[RECORDS FOR THE TASK Boundary: Start]

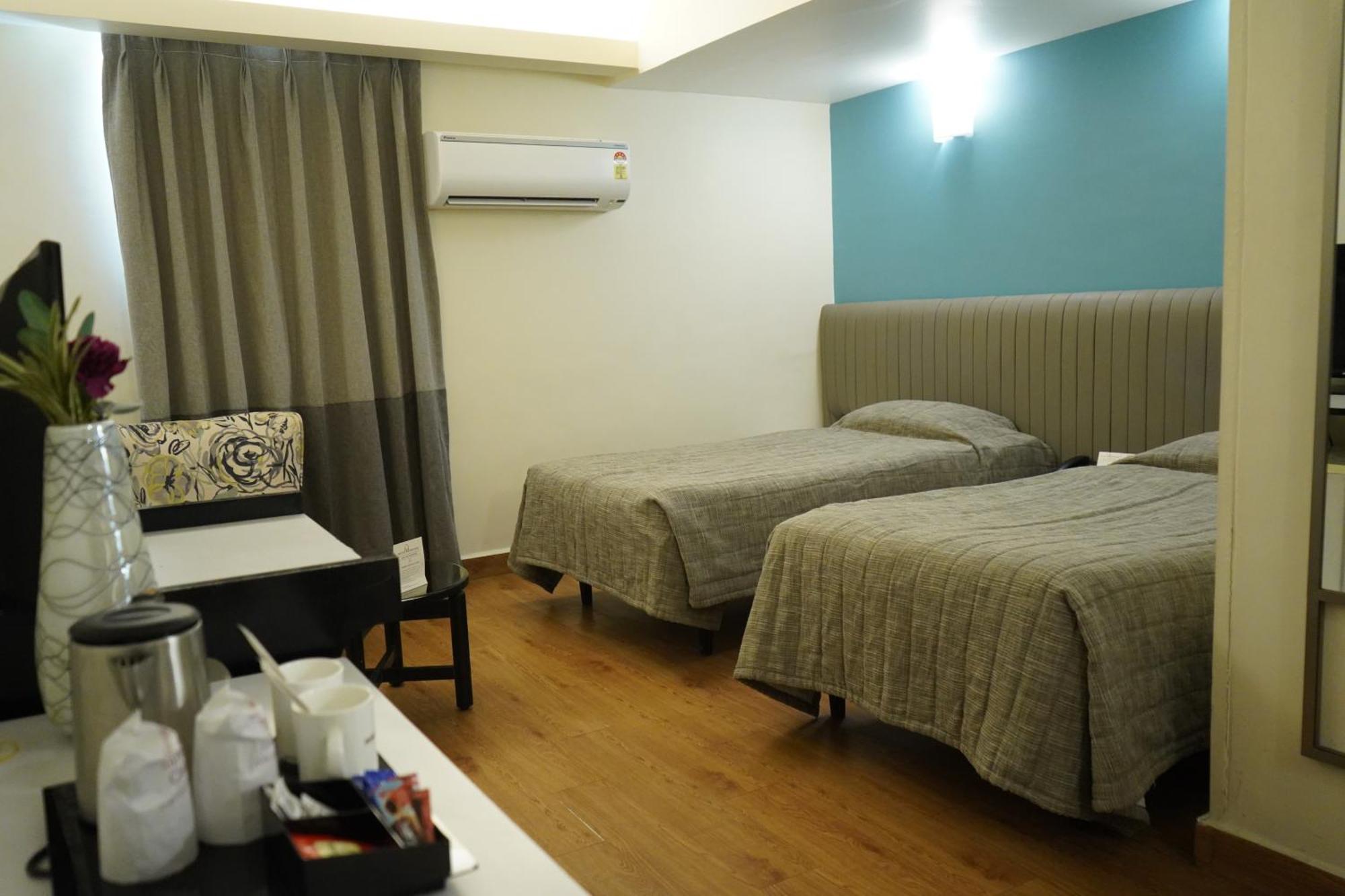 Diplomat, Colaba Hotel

[RECORDS FOR THE TASK Boundary: End]
[RECORDS FOR THE TASK Boundary: Start]

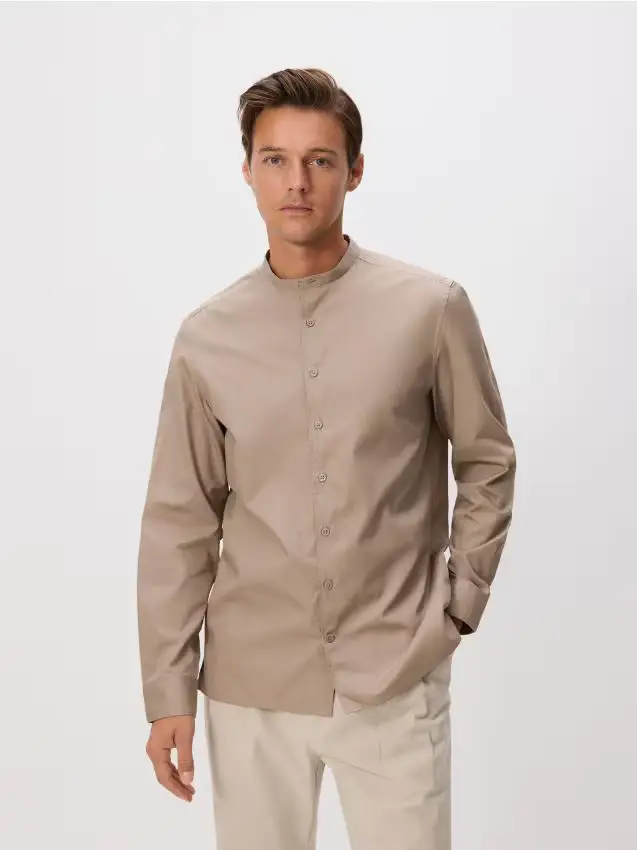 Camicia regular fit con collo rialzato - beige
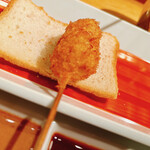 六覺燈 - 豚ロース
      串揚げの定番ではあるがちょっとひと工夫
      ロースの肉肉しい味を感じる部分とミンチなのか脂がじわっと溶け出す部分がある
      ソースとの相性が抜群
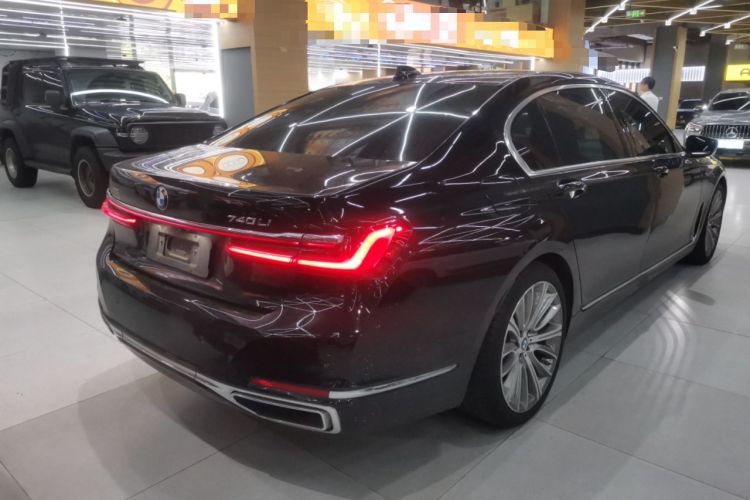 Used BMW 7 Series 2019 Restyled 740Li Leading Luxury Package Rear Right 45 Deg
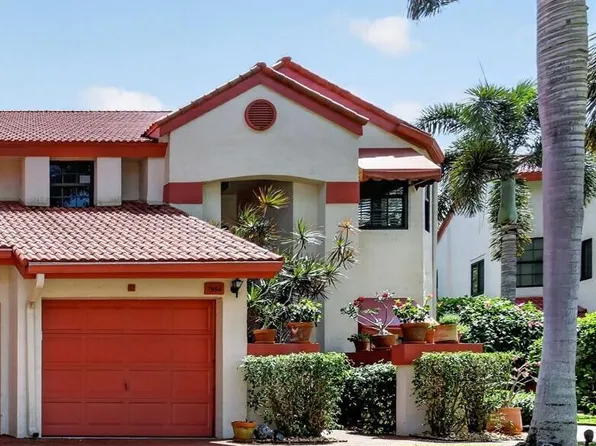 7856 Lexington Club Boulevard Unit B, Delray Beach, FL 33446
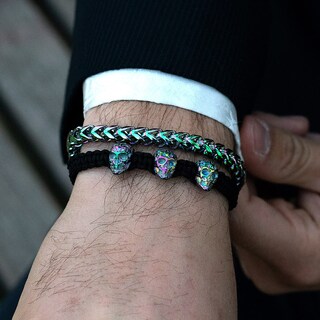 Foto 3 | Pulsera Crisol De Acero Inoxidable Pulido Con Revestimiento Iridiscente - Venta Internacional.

[RECORDS FOR THE TASK Boundary: End]
[RECORDS FOR THE TASK Boundary: Start]

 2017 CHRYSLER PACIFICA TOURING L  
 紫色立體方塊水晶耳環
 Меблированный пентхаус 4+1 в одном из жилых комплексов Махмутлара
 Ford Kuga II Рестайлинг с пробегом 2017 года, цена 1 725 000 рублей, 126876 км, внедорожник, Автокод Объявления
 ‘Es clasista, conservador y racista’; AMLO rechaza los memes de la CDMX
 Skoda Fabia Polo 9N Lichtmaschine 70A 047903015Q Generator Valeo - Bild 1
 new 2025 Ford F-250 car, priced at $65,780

[RECORDS FOR THE TASK Boundary: End]

= INSTRUCTIONS TO FOLLOW =
Send back an exact copy of only the lines from the line with "memes de la CDMX" up to and including the line with "new 2025 Ford F-250 car, priced at $65,780" in the data above.

= YOUR SOLUTION =
 ‘Es clasista, conservador y racista’; AMLO rechaza los memes de la CDMX
 Skoda Fabia Polo 9N Lichtmaschine 70A 047903015Q Generator Valeo - Bild 1
 new 2025 Ford F-250 car, priced at $65,780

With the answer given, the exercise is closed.